The data products used
The ESC region is one of the best observed regions in the sub-polar North Atlantic. While data products such as EN4 and GODAS provide a full 4D overview of the region of interest. They are also often not great. The authors acknowledge this to some degree, although I find the statements on this quite confusing. In Section 2.1, the authors highlight that GODAS salinity is mostly “synthetic” and “seriously under estimates salinity variability”, but in the discussion in Section 4.1, the EN4 lack of salinity data and gridding methods is flagged as a potential issue. I also find the assumption in lines 107-111 requires further evidence that it is appropriate.
Line 114-115: The two data products are stated to be independent of each other, but I doubt this is truly the case (e.g. if both incorporate Argo profiles). Particularly the following sentence highlights that these are likely the same four sources (please state here which ones also!).
The lack of consideration for the forcing mechanisms
The paper is highly descriptive of what is going on, but lacks to place this into the context of the forcing mechanisms. For example, there is no consideration for the positioning of the sub-polar front in the North Atlantic, there is also no consideration for the wind-forcing of the circulation of the wider SPNA and how this influences “recruitment” into the ESC or otherwise. Especially given the discussion on zonal current variability, I find these quite major omissions in the analysis. The discussion is more a continued description of the results presented, rather than any contextualisation in terms of previous work and/or forcing mechanisms. Section 4.2 is more speculative on implications, and a repeat of what has already been stated in the introductions.

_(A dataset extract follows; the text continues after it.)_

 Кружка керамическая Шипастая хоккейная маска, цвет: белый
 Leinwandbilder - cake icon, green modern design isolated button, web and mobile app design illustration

The reductionist statements on salinity and lack of error estimates
The authors rely on the data products to provide accurate baroclinic transport, but based on potentially erroneous salinity data. There is little quantification of salinity error or overall error analysis, it is therefore difficult to know whether this really is of no significance to the results presented.

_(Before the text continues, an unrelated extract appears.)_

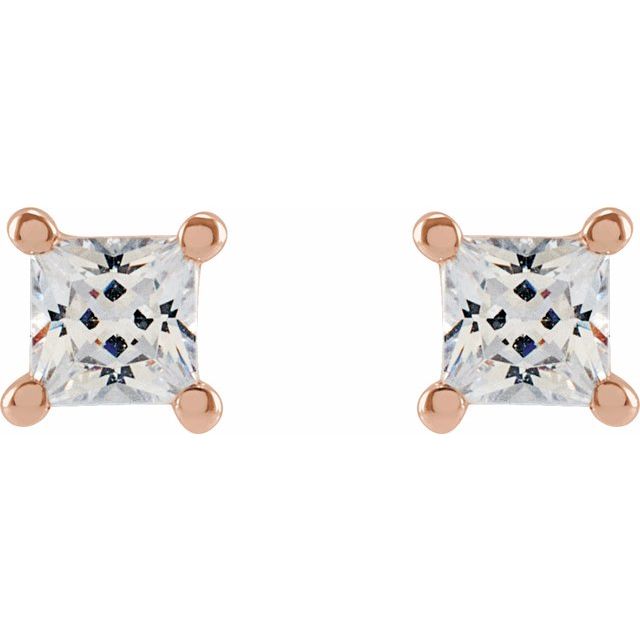 14K Rose 3 mm Square 1/3 CTW Lab-Grown Diamond Earrings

Lack of a general figure with key circulation features and locations
The paper lacks visual cues of the lines/boxes etc used, as well as a figure that highlights of the focus area of the study sits within the Sub-Polar North Atlantic (SPNA). Even for someone with expertise in the region, it is difficult at times to follow which transect has been used or across which box particles have been quantified. None of the figures show the “analysis region” (line 165) in full, for example.

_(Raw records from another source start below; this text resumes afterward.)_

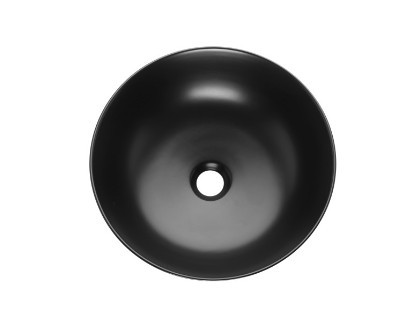Mosdó, Invena Dokos mosdókagyló,kerek, fél-matt, fekete, 39,5 cm CE-19-005-C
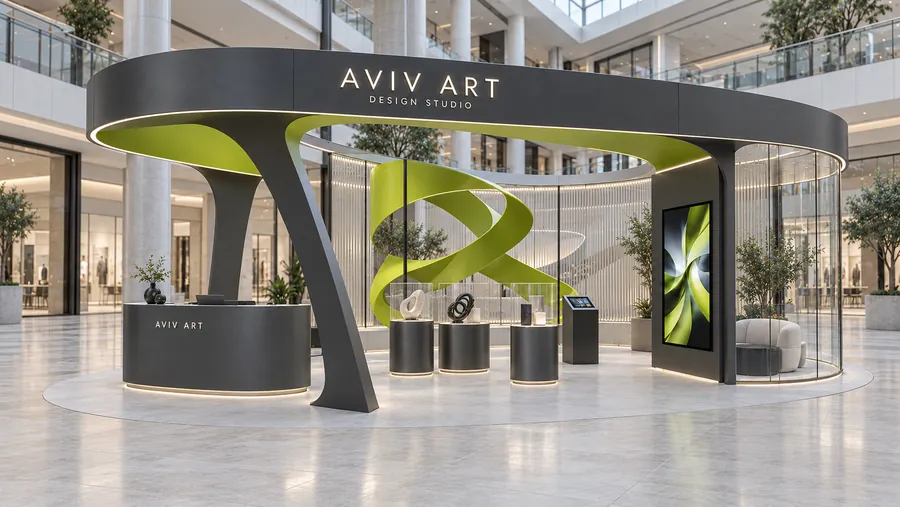 Render de un pop-up circular de Aviv Art en el atrio de un centro comercial, con estructura gris, una escultura verde lima, vitrinas y una pantalla vertical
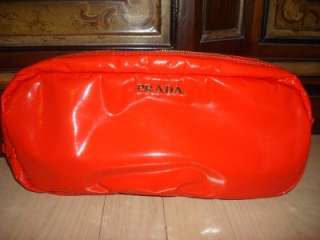 NWT Authentic PRADA orange cosmetic case purse bag Saks  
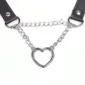Collier Choker Cuir Noir à Cœur & Chaînes Métalliques.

Further Comments (some, but not all, minor)
Line 34—36: Johnson and colleagues find that the changes in the water mass properties and nutrients concentrations at the Extended Ellett Line are related to changes in properties of the circulation. To my mind, this is not the same as changes in concentrations in upstream flows, as the authors state.
Line 46-47: Suggest rewrite for clarity “The Gulf Stream flows between these two and eventually …”
Line 51: “However, not all of the water follows this pathway.” (missing “of”).
Line 52-56: This description neglects some of the other exchanges in the northern North Sea, particularly the Norwegian Trench inflow. The authors have spent great length emphasising the importance of the ESC to the marine ecosystem of the continental shelf, so a correct description here is warranted.
Line 67-69: This reduction in temperature was also accompanied with some very strong reductions in salinity. The region of the ESC was at its freshest for more than 120 years. Please see Holliday et al., 2020.
Line 131-132: This is solely the N-S directed component of the ESC volume transport. There is no further indication of this assumption in the paper.
Line 133: Has no reference velocity or assumption of Level of No Motion been applied? Further in the paper, there is discussion of the baroclinic and barotropic components of transport. I think this could be clarified here in the methodology.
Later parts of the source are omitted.